→ **Source data**:
Content starts

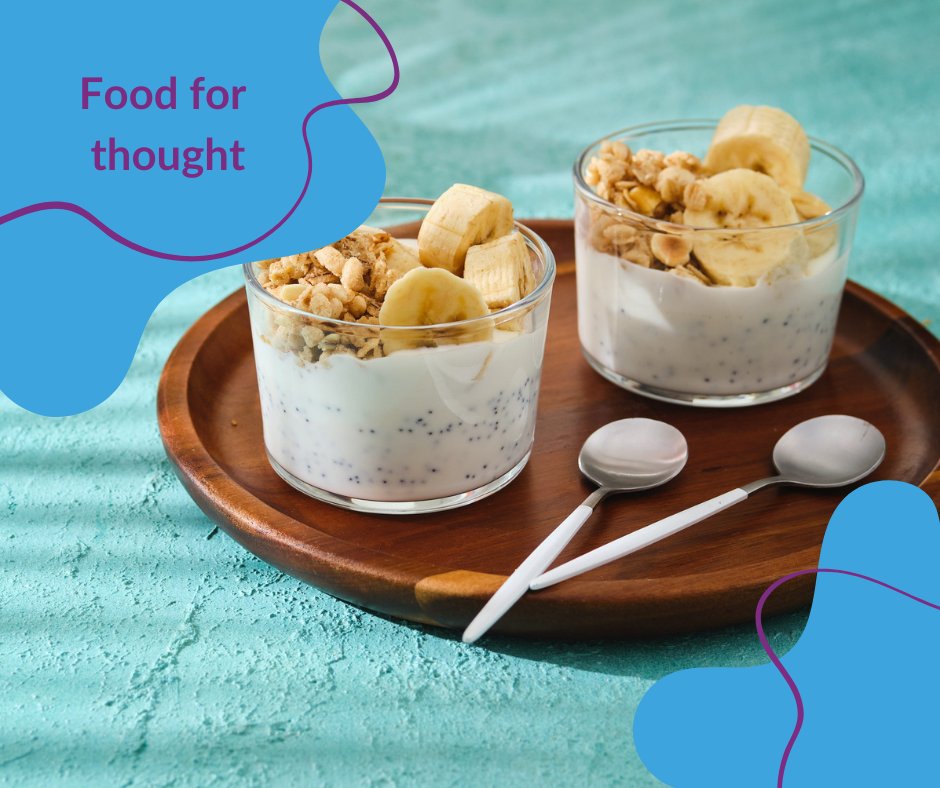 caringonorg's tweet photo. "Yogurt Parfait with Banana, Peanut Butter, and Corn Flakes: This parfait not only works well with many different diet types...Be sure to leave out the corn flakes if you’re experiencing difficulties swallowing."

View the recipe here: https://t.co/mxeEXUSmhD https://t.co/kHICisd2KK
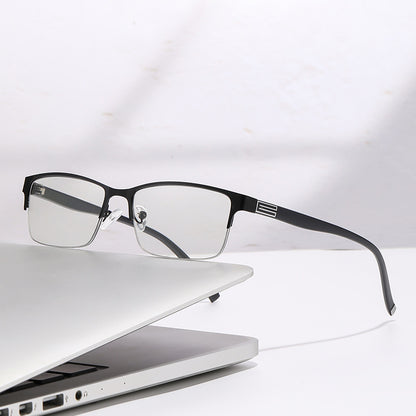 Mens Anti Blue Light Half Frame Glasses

Content ends

→ **Exercise requirements**:
Set down all the lines above exactly as they appear, with no pictures.

→ **Exercise response**:
 caringonorg's tweet photo. "Yogurt Parfait with Banana, Peanut Butter, and Corn Flakes: This parfait not only works well with many different diet types...Be sure to leave out the corn flakes if you’re experiencing difficulties swallowing."

View the recipe here: https://t.co/mxeEXUSmhD https://t.co/kHICisd2KK
 Mens Anti Blue Light Half Frame Glasses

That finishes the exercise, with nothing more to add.